→ **Material provided**:
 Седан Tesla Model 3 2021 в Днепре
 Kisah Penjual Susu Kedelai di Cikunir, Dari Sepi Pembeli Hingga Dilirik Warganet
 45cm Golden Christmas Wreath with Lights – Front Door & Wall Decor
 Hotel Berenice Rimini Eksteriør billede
---
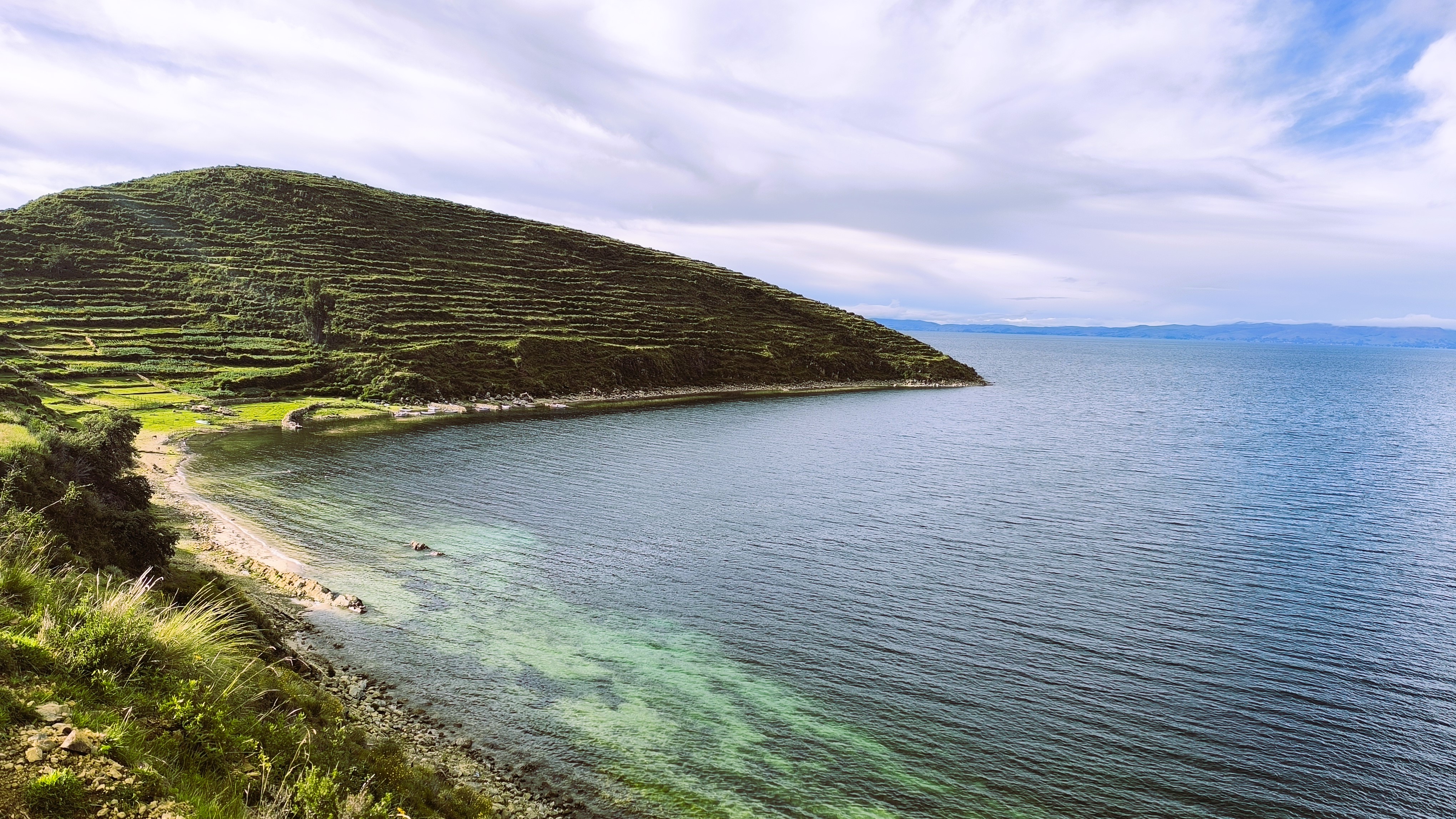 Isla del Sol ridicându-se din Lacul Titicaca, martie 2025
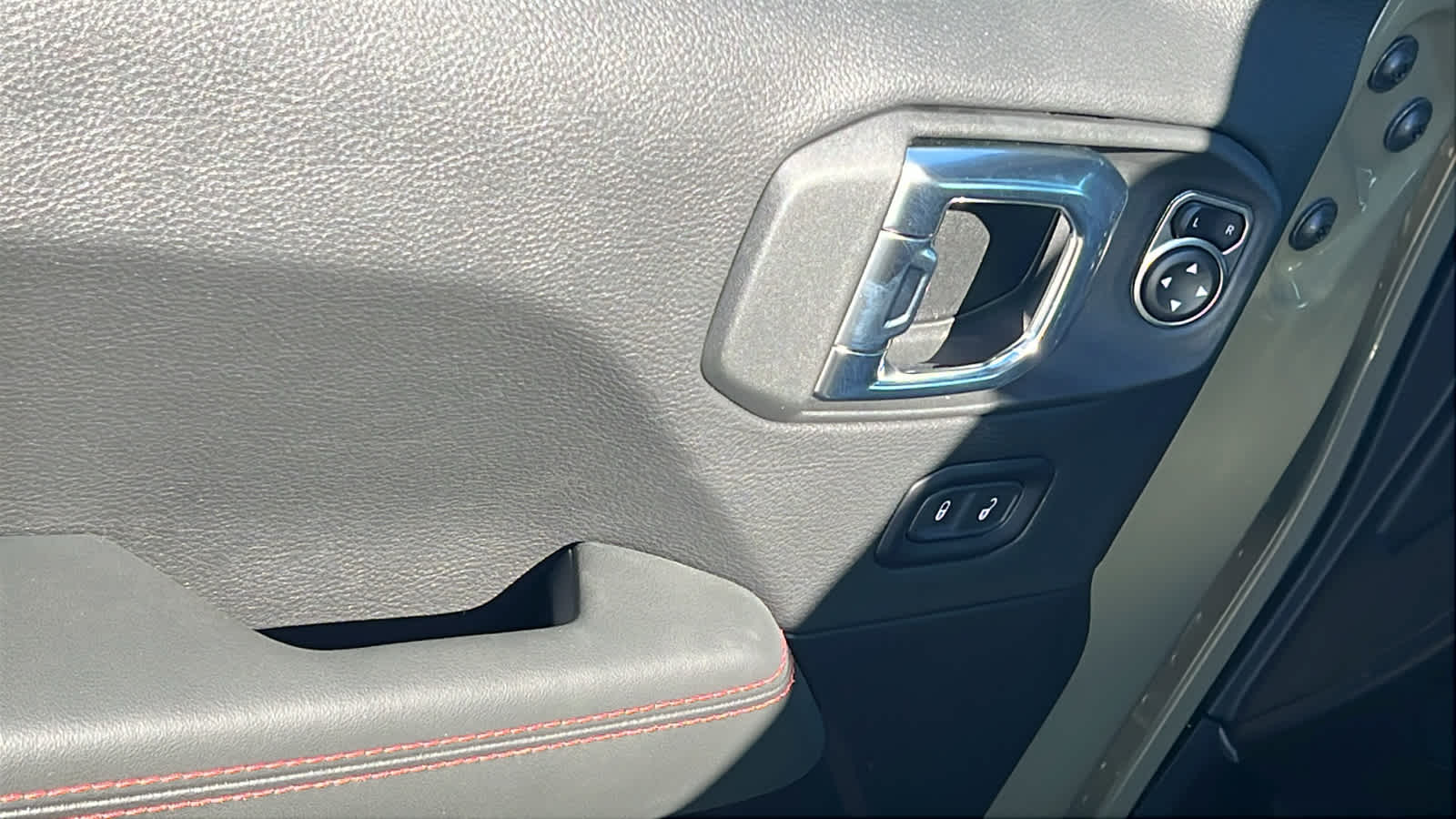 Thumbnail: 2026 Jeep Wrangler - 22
==
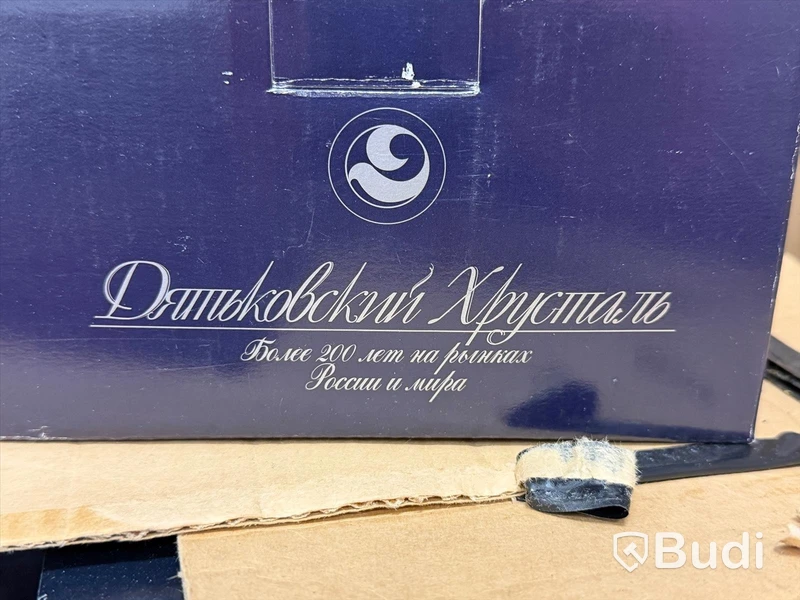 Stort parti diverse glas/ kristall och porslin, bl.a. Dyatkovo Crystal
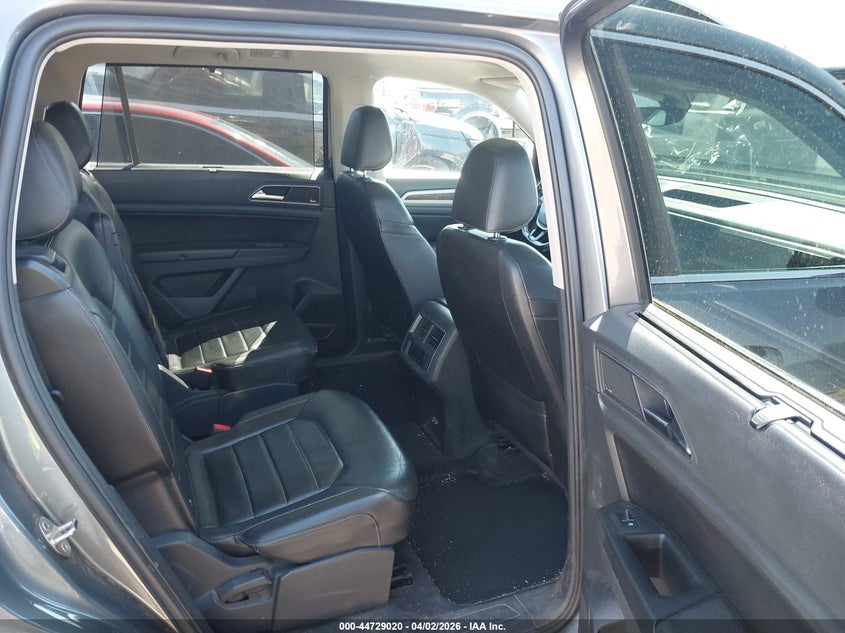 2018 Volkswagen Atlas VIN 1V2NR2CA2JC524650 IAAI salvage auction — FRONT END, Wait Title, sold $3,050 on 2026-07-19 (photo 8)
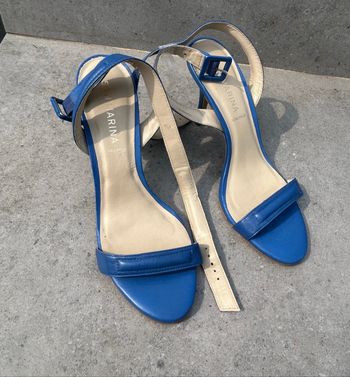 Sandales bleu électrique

→ **Exercise details**:
Would you write out exactly the lines above, starting at the line containing "Stort parti diverse" and stopping after the line containing "Sandales bleu électrique"? Omit the pictures.

→ **Finished exercise**:
 Stort parti diverse glas/ kristall och porslin, bl.a. Dyatkovo Crystal
 2018 Volkswagen Atlas VIN 1V2NR2CA2JC524650 IAAI salvage auction — FRONT END, Wait Title, sold $3,050 on 2026-07-19 (photo 8)
 Sandales bleu électrique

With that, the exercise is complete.